Aussi, nous a-t-il paru important de mettre en lumière la façon dont elle est dépeinte par les romanciers.

Dans cette rubrique, les citations littéraires sont mises en parallèle avec les témoignages actuels des personnes prostituées, comme des « clients ».

Une mise en perspective riche d’enseignements !

Annonce

L’enfant assista (…) à  la divulgation (…) de tous les secrets dégoûtants de l’amour coupable et de la prostitution.

La fille Elisa , Edmond de Goncourt, Zulma poche, 2004, p 15

Son enfance avait grandi dans l’exhibition intime et les entrailles secrètes du métier (!).
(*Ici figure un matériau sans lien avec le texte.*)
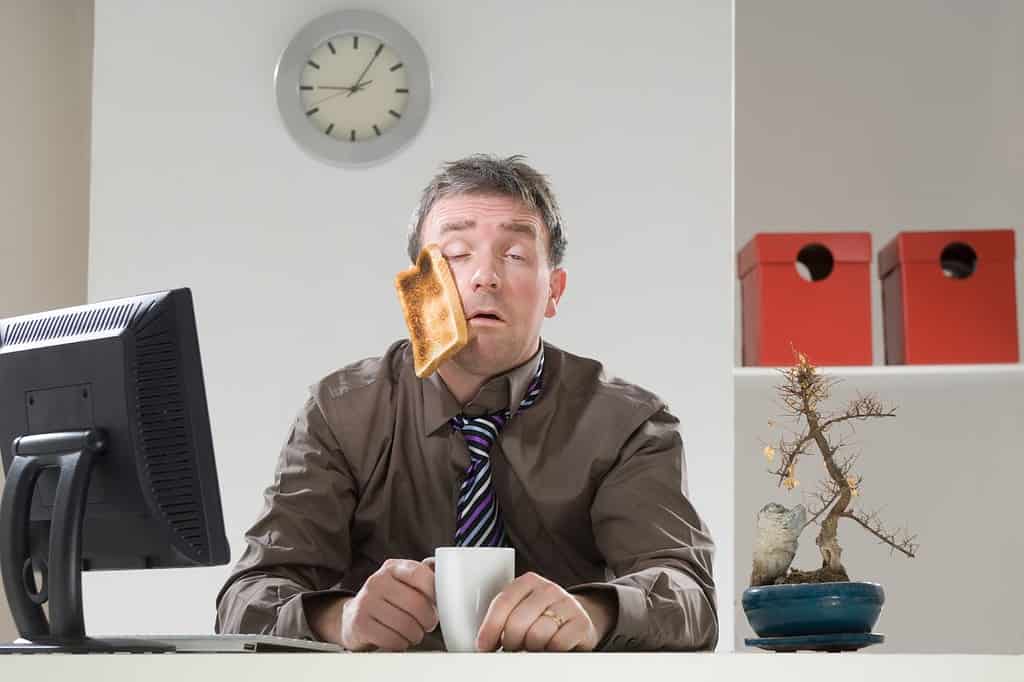 Tired office worker at a desk on a Monday morning representing funny Monday jokes and workweek humor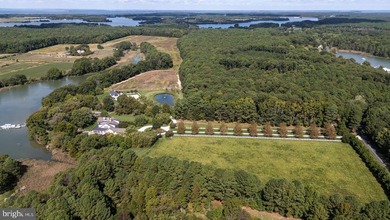 Set along the peaceful waters of Caulk Cove, this extraordinary - photo 10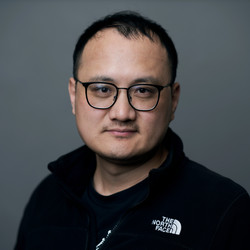 Portrait of Yucheng Wang.
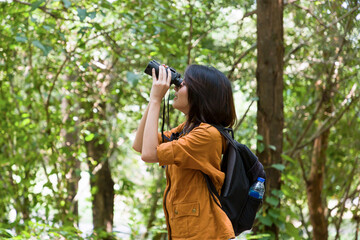 Portrait of Asian young woman hiker hiking with backpack standing holding binoculars looking for birds along forest trail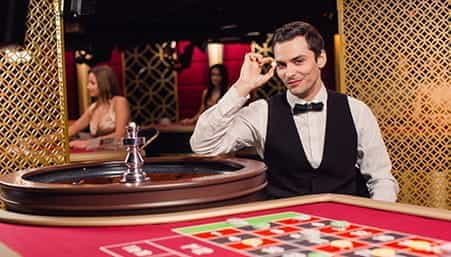 A live casino dealer ready to host a game at an online operator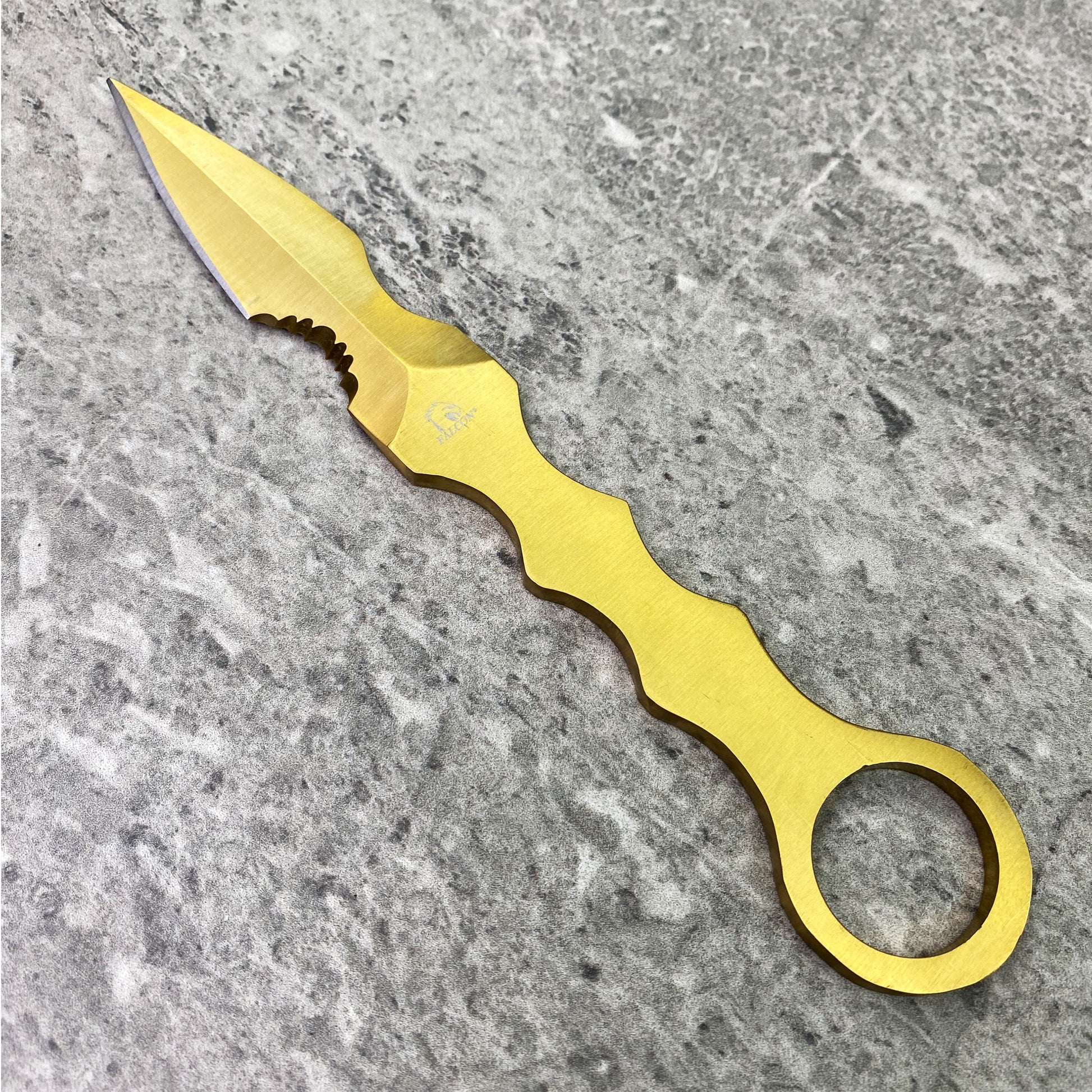 falcon tactical knife fixed blade gold anodized ring handle with ergonomic finger grooves on gray stone background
La révélation des mystères et des hontes du commerce de l’homme et de la femme de Paris vint la trouver dans sa couchette, presque dans son berceau. La croyance naïve de la petite fille au nouveau-né trouvé sous le buisson de roses de l’enseigne maternelle fut emportée par des paroles cochonnes, instruisant son ignorance avec d’érotiques détails, des matérialités de la procréation. Du milieu de la nuit de son cabinet, l’enfant alitée, l’enfant à  la pensée inoccupée, rêvassante, assista aux aventures du déshonneur, à  la divulgation quotidienne de toutes les impuretés salissantes, de tous les secrets dégoûtants de l’amour coupable et de la prostitution.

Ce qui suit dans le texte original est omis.